Short text fragments from websites:
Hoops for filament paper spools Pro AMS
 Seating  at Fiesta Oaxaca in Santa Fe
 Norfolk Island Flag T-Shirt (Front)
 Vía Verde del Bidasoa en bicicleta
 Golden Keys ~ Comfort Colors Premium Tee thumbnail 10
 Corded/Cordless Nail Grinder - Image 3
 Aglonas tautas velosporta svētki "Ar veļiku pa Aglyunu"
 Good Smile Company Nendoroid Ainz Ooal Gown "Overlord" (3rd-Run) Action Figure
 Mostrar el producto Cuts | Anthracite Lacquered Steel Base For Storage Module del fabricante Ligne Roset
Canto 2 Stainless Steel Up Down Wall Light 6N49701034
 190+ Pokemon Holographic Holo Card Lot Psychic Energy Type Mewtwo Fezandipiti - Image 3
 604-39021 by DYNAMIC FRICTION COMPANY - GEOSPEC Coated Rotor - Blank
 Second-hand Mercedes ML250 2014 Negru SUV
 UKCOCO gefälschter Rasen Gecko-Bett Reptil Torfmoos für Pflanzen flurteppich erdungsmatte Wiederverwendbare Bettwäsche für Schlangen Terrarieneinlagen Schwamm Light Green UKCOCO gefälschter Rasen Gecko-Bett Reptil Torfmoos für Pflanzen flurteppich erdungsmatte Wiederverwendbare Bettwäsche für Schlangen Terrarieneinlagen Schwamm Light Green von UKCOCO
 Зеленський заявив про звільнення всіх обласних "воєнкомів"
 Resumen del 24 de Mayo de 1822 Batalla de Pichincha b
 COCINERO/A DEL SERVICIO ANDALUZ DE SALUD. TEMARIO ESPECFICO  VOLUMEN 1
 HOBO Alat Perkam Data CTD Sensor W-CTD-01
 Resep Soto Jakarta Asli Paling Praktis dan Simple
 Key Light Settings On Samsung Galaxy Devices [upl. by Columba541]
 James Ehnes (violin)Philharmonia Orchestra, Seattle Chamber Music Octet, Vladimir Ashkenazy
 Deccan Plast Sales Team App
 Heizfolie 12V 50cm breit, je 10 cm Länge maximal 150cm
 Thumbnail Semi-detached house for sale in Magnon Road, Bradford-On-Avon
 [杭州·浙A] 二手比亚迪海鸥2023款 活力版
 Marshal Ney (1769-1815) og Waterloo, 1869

** WHAT YOU HAVE TO DO **
Each line that contains the string "Light" should be copied from the data above.

** OUTPUT OF THE EXERCISE **
Canto 2 Stainless Steel Up Down Wall Light 6N49701034
 UKCOCO gefälschter Rasen Gecko-Bett Reptil Torfmoos für Pflanzen flurteppich erdungsmatte Wiederverwendbare Bettwäsche für Schlangen Terrarieneinlagen Schwamm Light Green UKCOCO gefälschter Rasen Gecko-Bett Reptil Torfmoos für Pflanzen flurteppich erdungsmatte Wiederverwendbare Bettwäsche für Schlangen Terrarieneinlagen Schwamm Light Green von UKCOCO
 Key Light Settings On Samsung Galaxy Devices [upl. by Columba541]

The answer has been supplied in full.